Islamic Insurtech may potentially find its start by riding on the wave of success that motor takaful has made in the past few years. According to the Turkish Insurance Association, motor insurance premiums rose by nearly 33% from July 1, 2016, to June 30, 2018 – a rise largely attributed to Takaful. It's worth mentioning that the Islamic banking and Takaful industry has the government's backing with introducing the 11th Development Plan (SBB, 2019) to be an integral part of the Turkish economic growth and appoint Istanbul as a financial hub.
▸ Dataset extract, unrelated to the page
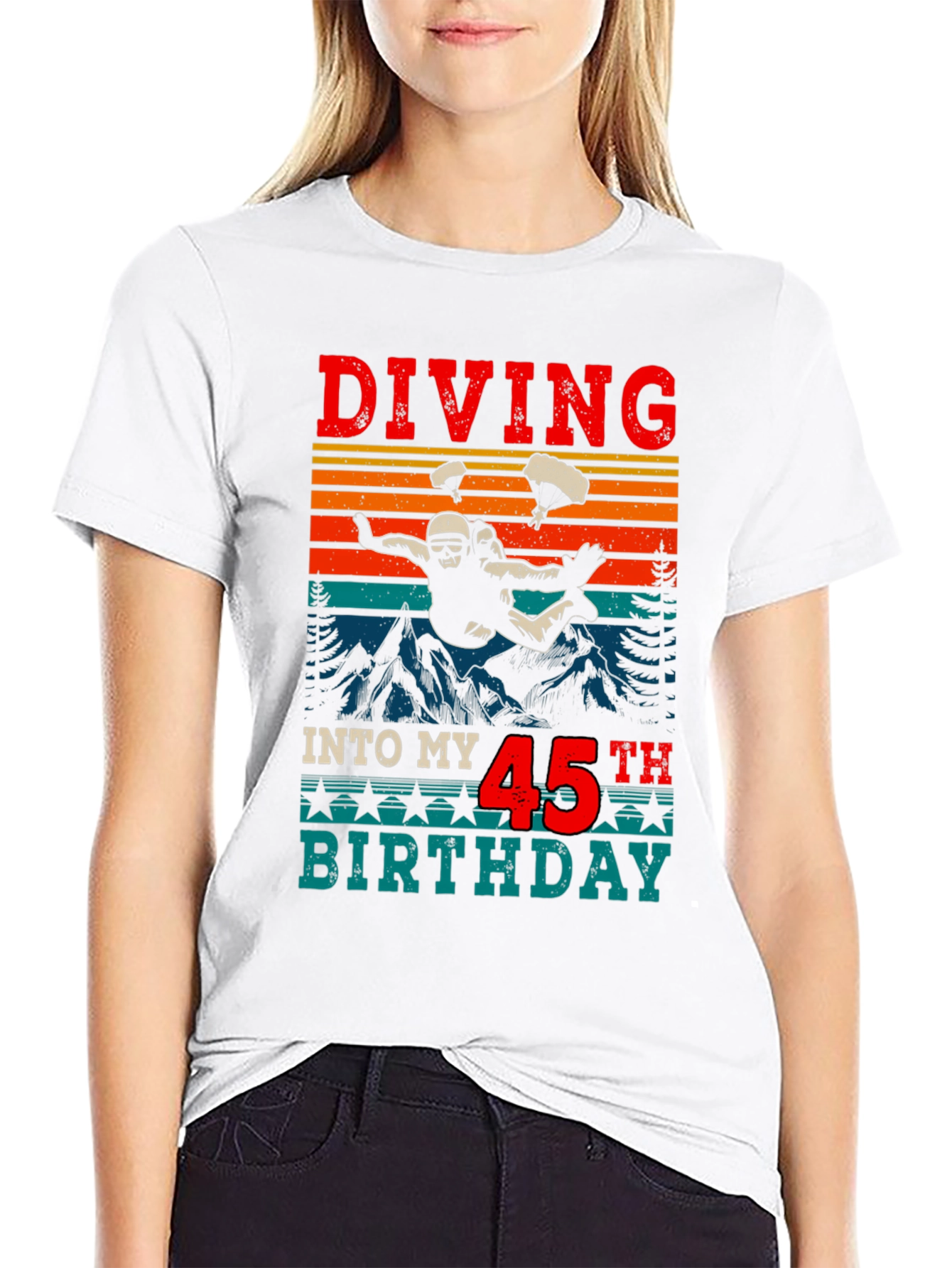 Diving Into My 45th Birthday Black T-Shirt
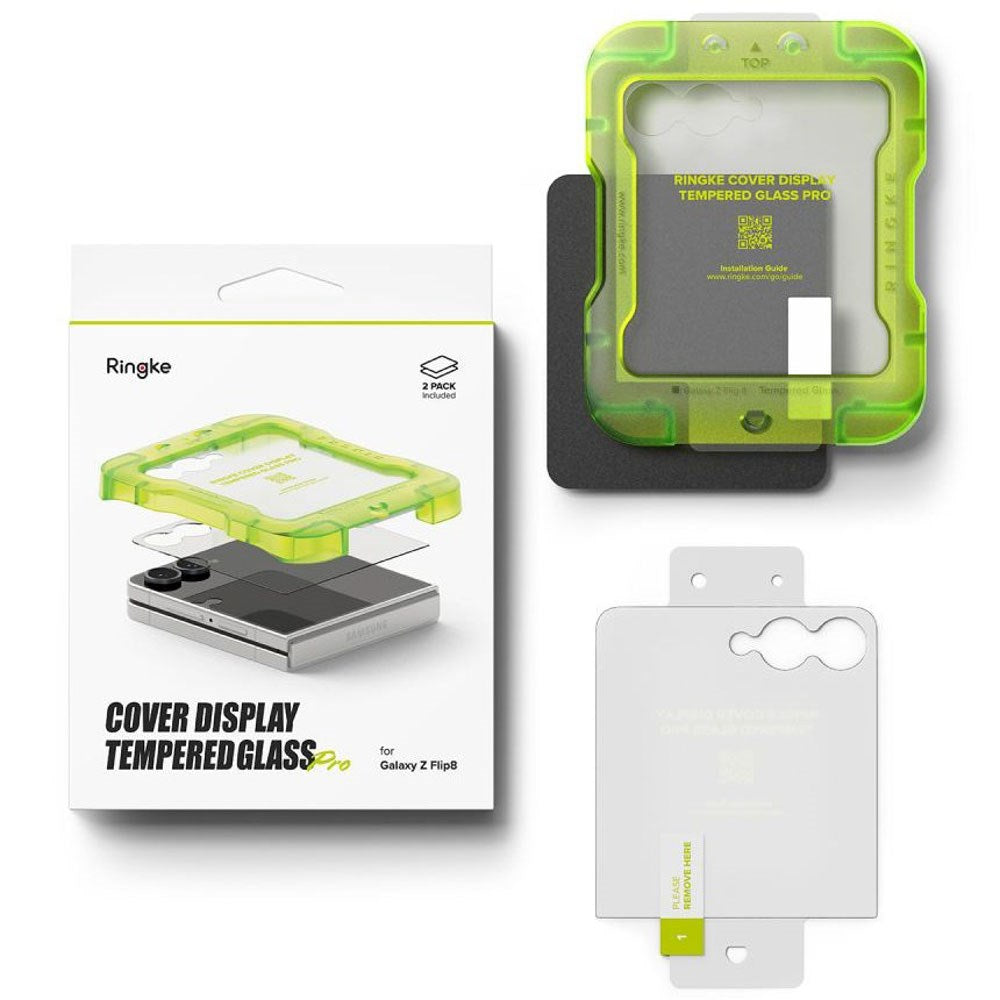 Samsung Galaxy Z Flip8 Ringke Cover Display Easy Slide Beskyttelsesglass m. Monteringsramme - 2 stk - Gjennomsiktig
There is a potential for Islamic insurtech/TakafulTech to arise with strong government support for the Takaful industry in Turkey. Takaful Operators and incumbents can partner with other fintech startups to provide cost- efficient solutions and address the entire Takaful cycle. We can learn a lesson from the model set by Qatar Insurance Company (QIC) in Qatar, where they have developed their web-based platform Anoud+ in-house in collaboration with Swiss Re that supports its services to insurers in emerging markets with a focus on Africa. Practitioners, entrepreneurs, incumbents, and Takaful operators, as key players in the industry, have a collective responsibility to ensure the sustainability of the overall interest-free financial system in Turkey.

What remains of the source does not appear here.